*About this task*
Apart from the pictures, every line below is to be set down exactly.

----

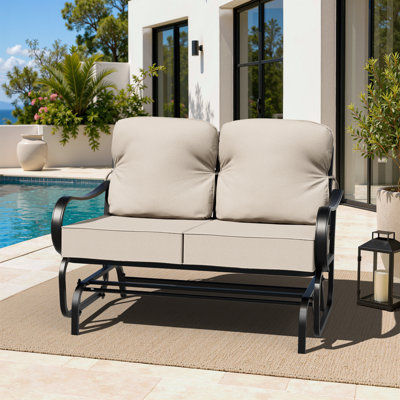 Causeuse-fauteuil d'extérieur pour 2 personnes avec structure antirouille et coussins beiges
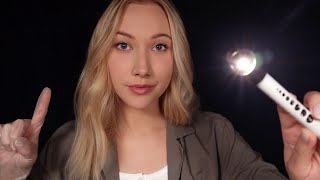 ASMR Comprehensive Eye Exam  UpClose Eye Inspecting Follow The Light Peripheral Focus Tests [upl. by Ycam]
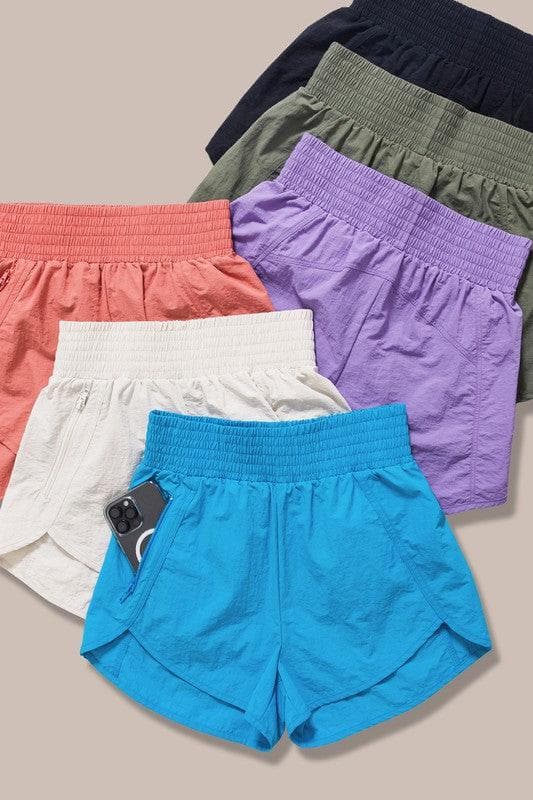 ZENANA Windbreaker Smocked Waistband Running Shorts - SwagglyLife Home & Fashion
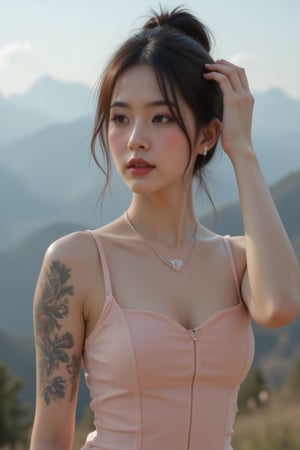 This is a semi-body portrait, taken by a canon eos 60D, rich colors enhanced , 64k, highest resolution and ultra HD. a young Asian woman stands in front of a blurred backdrop of a mountain range. She is wearing a salmon colored dress, adorned with a floral tattoo on her left arm. Her hair is pulled back in a ponytail, adding a pop of color to the scene. She's wearing a silver chain necklace, and a pair of earrings. Her left hand is resting on her head, adding depth to the composition. The backdrop is blurred, creating a peaceful and serene atmosphere.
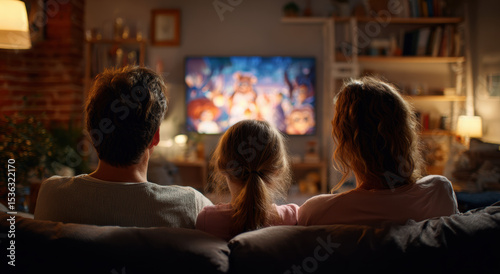 Family enjoys cozy movie night at home, watching TV together in warmly lit living room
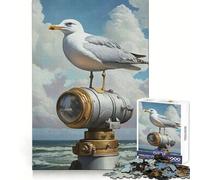 Gabbiano appollaiato su un riflettore nautico - Puzzle per adolescenti da 1000 pezzi - Gioco di logica - Rilassante - Assemblaggio di immagini - Regalo affettuoso (38x26cm)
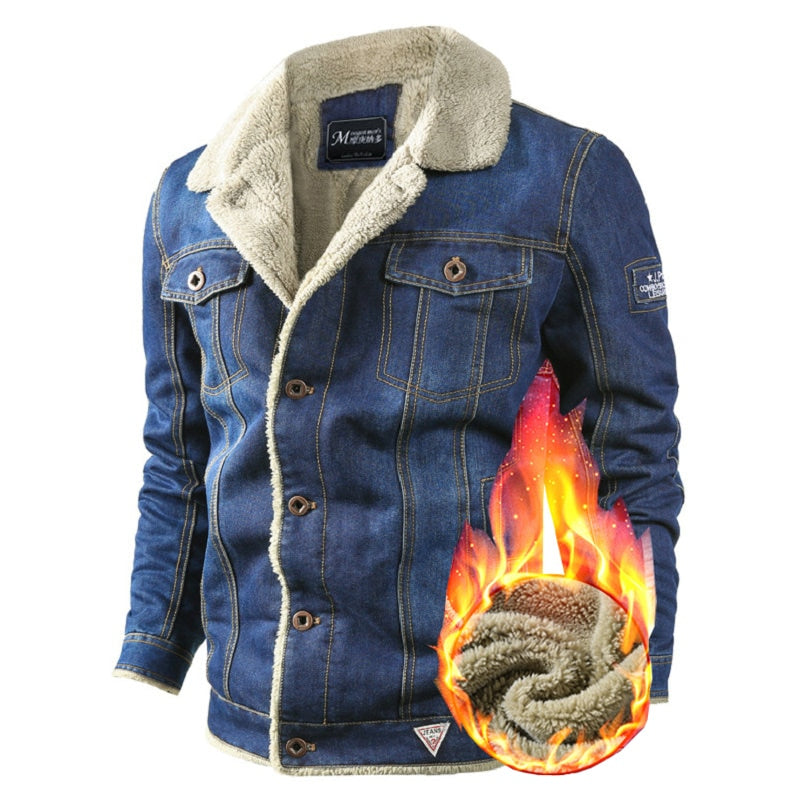 VOLGINS Brand Denim Mens Jacket Autumn Winter Military Jeans Jacket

----

*Response below*
 Causeuse-fauteuil d'extérieur pour 2 personnes avec structure antirouille et coussins beiges
 ASMR Comprehensive Eye Exam  UpClose Eye Inspecting Follow The Light Peripheral Focus Tests [upl. by Ycam]
 ZENANA Windbreaker Smocked Waistband Running Shorts - SwagglyLife Home & Fashion
 This is a semi-body portrait, taken by a canon eos 60D, rich colors enhanced , 64k, highest resolution and ultra HD. a young Asian woman stands in front of a blurred backdrop of a mountain range. She is wearing a salmon colored dress, adorned with a floral tattoo on her left arm. Her hair is pulled back in a ponytail, adding a pop of color to the scene. She's wearing a silver chain necklace, and a pair of earrings. Her left hand is resting on her head, adding depth to the composition. The backdrop is blurred, creating a peaceful and serene atmosphere.
 Family enjoys cozy movie night at home, watching TV together in warmly lit living room
 Gabbiano appollaiato su un riflettore nautico - Puzzle per adolescenti da 1000 pezzi - Gioco di logica - Rilassante - Assemblaggio di immagini - Regalo affettuoso (38x26cm)
 VOLGINS Brand Denim Mens Jacket Autumn Winter Military Jeans Jacket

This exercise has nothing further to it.